Symposium co-sponsored by Division 32 (Society for Humanistic Psychology) and Division 24 (Theoretical and Philosophical Psychology).

August 6th,12PM to 1:50PM, RM 146B

Reclaiming world and Culture: Indigenous Psychology in the Globalizing Era


Co-Chairs:
Louise Sundararajan; Anthony J. Marsella

Discussants:
Thomas Teo, Ph.D., Department of Psychology, York University. PDF
Ken Gergen, Ph.D., Department of Psychology, Swarthmore College.

Summary
Heidegger claims that humans do not “inhabit” like other animals do-- they “dwell,” and that “dwelling” takes place not so much in a site or “environment” as in a “world.” He writes: “A stone is worldless. Plant and animal likewise have no world . . . The peasant woman, on the other hand, has a world . . .” (1971, p. 45). What happens when the peasant woman becomes an immigrant in a foreign land? One of the major casualties of immigration is loss of world, a loss that renders dwelling precarious. As Heidegger points out, the modern plight of dwelling goes beyond the shortage of housing—globalization has the potential to render us all immigrants.
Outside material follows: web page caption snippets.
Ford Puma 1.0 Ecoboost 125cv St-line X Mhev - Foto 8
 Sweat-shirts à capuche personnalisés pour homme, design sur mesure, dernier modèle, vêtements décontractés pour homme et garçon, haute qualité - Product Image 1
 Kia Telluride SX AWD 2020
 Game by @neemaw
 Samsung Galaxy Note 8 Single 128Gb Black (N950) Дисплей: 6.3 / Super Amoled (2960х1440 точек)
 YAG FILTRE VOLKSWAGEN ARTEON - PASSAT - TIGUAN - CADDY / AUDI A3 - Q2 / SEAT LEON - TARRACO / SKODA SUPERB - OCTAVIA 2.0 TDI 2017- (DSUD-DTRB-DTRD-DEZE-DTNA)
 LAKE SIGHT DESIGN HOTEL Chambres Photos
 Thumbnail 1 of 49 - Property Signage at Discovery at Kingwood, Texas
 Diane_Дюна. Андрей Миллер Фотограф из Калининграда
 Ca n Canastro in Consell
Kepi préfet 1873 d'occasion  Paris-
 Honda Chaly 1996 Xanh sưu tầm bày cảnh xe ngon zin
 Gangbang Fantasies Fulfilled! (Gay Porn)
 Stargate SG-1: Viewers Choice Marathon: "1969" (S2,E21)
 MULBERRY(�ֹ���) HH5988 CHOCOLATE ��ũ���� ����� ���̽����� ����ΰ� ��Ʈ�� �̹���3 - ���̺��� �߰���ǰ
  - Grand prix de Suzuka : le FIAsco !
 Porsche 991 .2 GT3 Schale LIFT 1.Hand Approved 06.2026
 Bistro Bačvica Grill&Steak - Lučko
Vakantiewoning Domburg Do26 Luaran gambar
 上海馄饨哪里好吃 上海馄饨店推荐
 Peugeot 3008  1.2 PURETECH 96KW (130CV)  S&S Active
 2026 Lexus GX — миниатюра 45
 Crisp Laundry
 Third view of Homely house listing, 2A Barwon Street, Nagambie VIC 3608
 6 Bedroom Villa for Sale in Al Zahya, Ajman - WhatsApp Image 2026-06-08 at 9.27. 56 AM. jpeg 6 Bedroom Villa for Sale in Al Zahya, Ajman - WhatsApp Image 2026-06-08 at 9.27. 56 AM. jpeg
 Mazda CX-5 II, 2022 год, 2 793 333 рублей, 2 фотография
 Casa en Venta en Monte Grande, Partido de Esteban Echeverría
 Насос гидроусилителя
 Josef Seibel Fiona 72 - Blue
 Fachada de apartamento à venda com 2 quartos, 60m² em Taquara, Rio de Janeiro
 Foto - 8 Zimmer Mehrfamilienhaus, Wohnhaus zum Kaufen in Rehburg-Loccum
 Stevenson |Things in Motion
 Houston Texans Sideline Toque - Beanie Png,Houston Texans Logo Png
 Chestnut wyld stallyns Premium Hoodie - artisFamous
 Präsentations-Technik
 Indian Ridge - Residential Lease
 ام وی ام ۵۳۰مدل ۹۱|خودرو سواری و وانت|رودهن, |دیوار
Can psychology help to reclaim world and culture for denizens of the global village? Mainstream psychology is ill equipped to help, because it is world effacing and culture blind. How to make science serve, rather than hinder, non-hegemonic sources of cultural memories and practices is a challenge best met by indigenous psychology.
In this symposium, a panel of international experts will address these issues by reviewing the history, current state of the art, and future directions of indigenous psychology. The first presenter reflects on the continued ethnocentrism in our field, and the reasons why indigenous psychology is needed to retrace our steps. The second presenter showcases the current state of the art in indigenous Chinese psychology, drawing out the revolutionary implications of Confucian Relationism for mainstream psychology. The third presenter spells out the relationship between three sub-disciplines: Cross culture, cultural, and indigenous psychologies. The last presenter uses a semiotic model to delineate the possibilities for science and culture to be better integrated through indigenous psychology. Bringing to bear their expertise in critical theory and constructionism, respectively, the discussants will add both focus and fuel to the debate.

Presenters
1. Western Psychology as Cultural Construction
Anthony J. Marsella, University of Hawaii

This talk identifies ten implicit and explicit assumptions of Western psychology that are rooted within its cultural history, traditions, and values. Western psychology is self-serving and in the process -- because of its hegemony -- interferes with the development of alternative psychologies from different cultural groups. In a global community in which all our lives have become interdependent, it is essential for Western psychology to be re-considered as a cultural construction with all the ethnocentric limitations this implies. To counter the potential abuse of Western psychology for non-Western people and for ethnic/racial minorities in Western nations, efforts should be made to acknowledge, develop, and transmit the diverse indigenous psychologies from across the world.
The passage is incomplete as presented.